Jacob, however, went to Succoth, where he built a place for himself and made shelters (Hebrew, succoth, which is the plural of succah) for his livestock. That is why the place is called Succoth.

The suggested conclusion of this mini word study is not a subtle one.  Mary and Joseph were in an animal shelter when Messiah was born.  Yahusha was born in a succah!  But not merely because there were no vacancies in the motels.  In Elohim's plan for the birth of His Son, the crowded conditions were merely a tool in the hands of the Creator to produce a proper birth place for the Messiah.  He had to be born in a succah on the day when all of Elohim's people were living in succahs, because he had come to fulfill all righteousness.  His coming to succah (tabernacle) with men in human flesh (a fleshly succah) was intentionally pictured by his birth in a succah on the first day of the Feast of Succoth.

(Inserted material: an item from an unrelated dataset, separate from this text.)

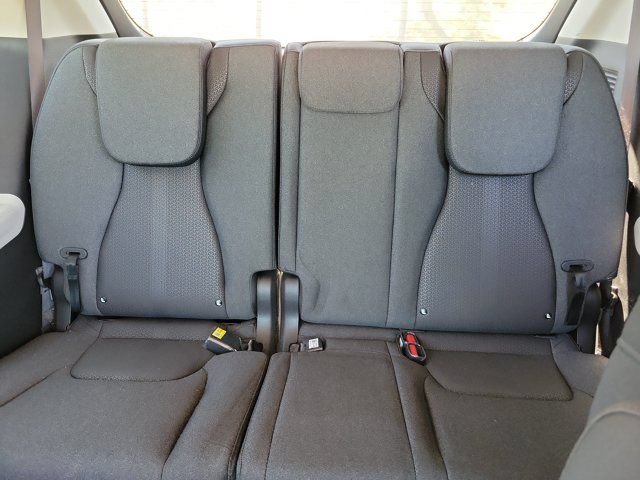 Used 2023 Kia Carnival LX FWD image 18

The Shepherds in the Fields

Next, let's consider the shepherds abiding in the fields at night.  Is this statement consistent with the time of year of Tabernacles?  We are told in Scripture that

there were shepherds living out in the fields nearby, keeping watch over their flocks at night. (Luke 2:8)

We discussed earlier that this scene most certainly could not have taken place on December 25th.  It is simply too cold in the winter months for shepherds to be staying out in the fields at night to watch the flock.  But could this have taken place during the Feast of Tabernacles?

Not only is this possible, but it is most probable.  Just as Jacob, in the passage cited above, built succahs in the fields for himself and the animals, shepherds during the time of Messiah who stayed out in the fields with the animals typically erected succahs in the field to sleep in at night.  What better time of year to stay in a succah at night with the animals than during the Feast of Succoth?

The Wise Men from the East

Yet another evidence that Messiah was born at Succoth is a study of the identity of the Magi from the east:

After Jesus was born in Bethlehem in Judea, during the time of King Herod, Magi from the east came to Jerusalem  and asked, "Where is the one who has been born king of the Jews? We saw his star in the east and have come to worship him."  When King Herod heard this he was disturbed, and all Jerusalem with him.  When he had called together all the people's chief priests and teachers of the law, he asked them where the Christ was to be born.  "In Bethlehem in Judea," they replied, "for this is what the prophet has written:  "'But you, Bethlehem, in the land of Judah, are by no means least among the rulers of Judah; for out of you will come a ruler who will be the shepherd of my people Israel.'" 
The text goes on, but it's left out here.